This is a fertile environment for a vote-suppression campaign, the kind Russian trolls and their alt-right allies are said to have targeted at U.S. supporters of Hillary Clinton in 2016. But the referendum boycott campaign is strangely subdued, even “creepily silent,” Cvetkovska told me.
Of course, Vladimir Petreski, who runs Macedonia’s only dedicated fact-checking operation at Metamorphosis Foundation, a nongovernmental organization, finds quite a few fake news items to debunk, including many spread by the boycott campaign (for example, wild numbers circulate for the military expenditure NATO would supposedly demand from Macedonia). Petreski and his colleagues report them on an EU-funded website and to the Atlantic Council’s Digital Forensic Research Lab, which follows global disinformation flows. But Petreski said there has been no explosion of new fake-news websites as there was during the 2016 U.S. election.

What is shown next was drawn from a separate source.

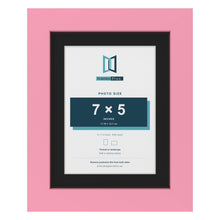 Baby Pink 9 x 7 inch picture frame with a black mount for a 7 x 5 inch photo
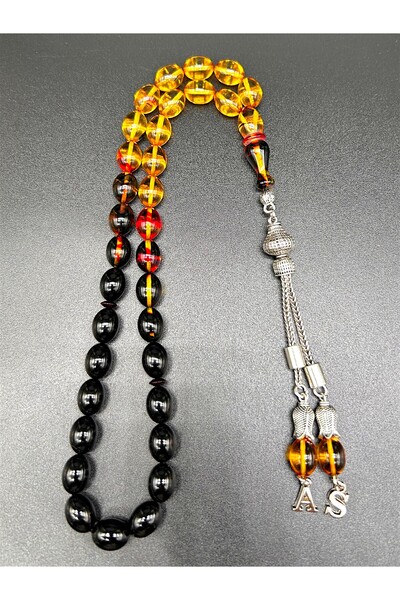 ateş kehribar Hediyelik El Yapımı Kehribar Tesbih 8x11mm – Gümüş Kaplama - Ki...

Petreski said that Facebook is the biggest playground for the boycott campaign, but the main Facebook group for the boycott has fewer than 11,000 followers — not many for a country with a million Facebook accounts. Numerous referendum-related items produced by the Russian propaganda outlet Sputnik — which, of course, wants the vote to fall through — are not getting any traction, though in the U.S. presidential campaign, content-hungry fake-news sites did brisk business with the product of Russian propaganda outlets.
Petreski’s explanations are that the referendum has been called too recently for the fake news machine to gear up, and also that domestic disinformation is by definition less lucrative than fooling Americans and funding it with U.S.-targeted ads. Macedonia’s internet ad rates are lower than U.S. ones by a factor of 50, Petreski said, and Ceselkoski seconds that; he said that he doesn’t know anyone involved in producing Macedonia-targeted content. Indeed, there are no signs that anyone from the Veles industry is involved; the most active amplifier of boycott content on the social networks is a Macedonian nationalist software engineer who lives in Norway.
Though Petreski said that the Facebook-based campaign may help suppress the vote, the referendum is more likely to fail simply because too many people — up to a third of registered voters — have left Macedonia, mainly in the last decade. “The boycotters’ quiet behavior is strategic,” Cvetkovska, the investigative journalist, said. “They know and the government knows the numbers are just not there.”
Nationalist Failure
The man responsible for Macedonia’s lost decade, former Prime Minister Nikolai Gruevski, was sentenced to two years in prison for corruption earlier this year. His party, VMRO-DPNE, came to power in 2006 and gradually tightened the screws, gaining control over the most popular media and attacking Western-funded nongovernmental organizations. It professed to do all of that for the sake of a bizarre nationalist project, which originated in 2008, when Greece blocked Macedonia’s entry into NATO even under the name it recognized — FYROM, or Former Yugoslav Republic of Macedonia.
“Gruevski made a huge mistake then,” Frckoski, the former foreign minister, said. “He decided to show muscle to the Greeks.”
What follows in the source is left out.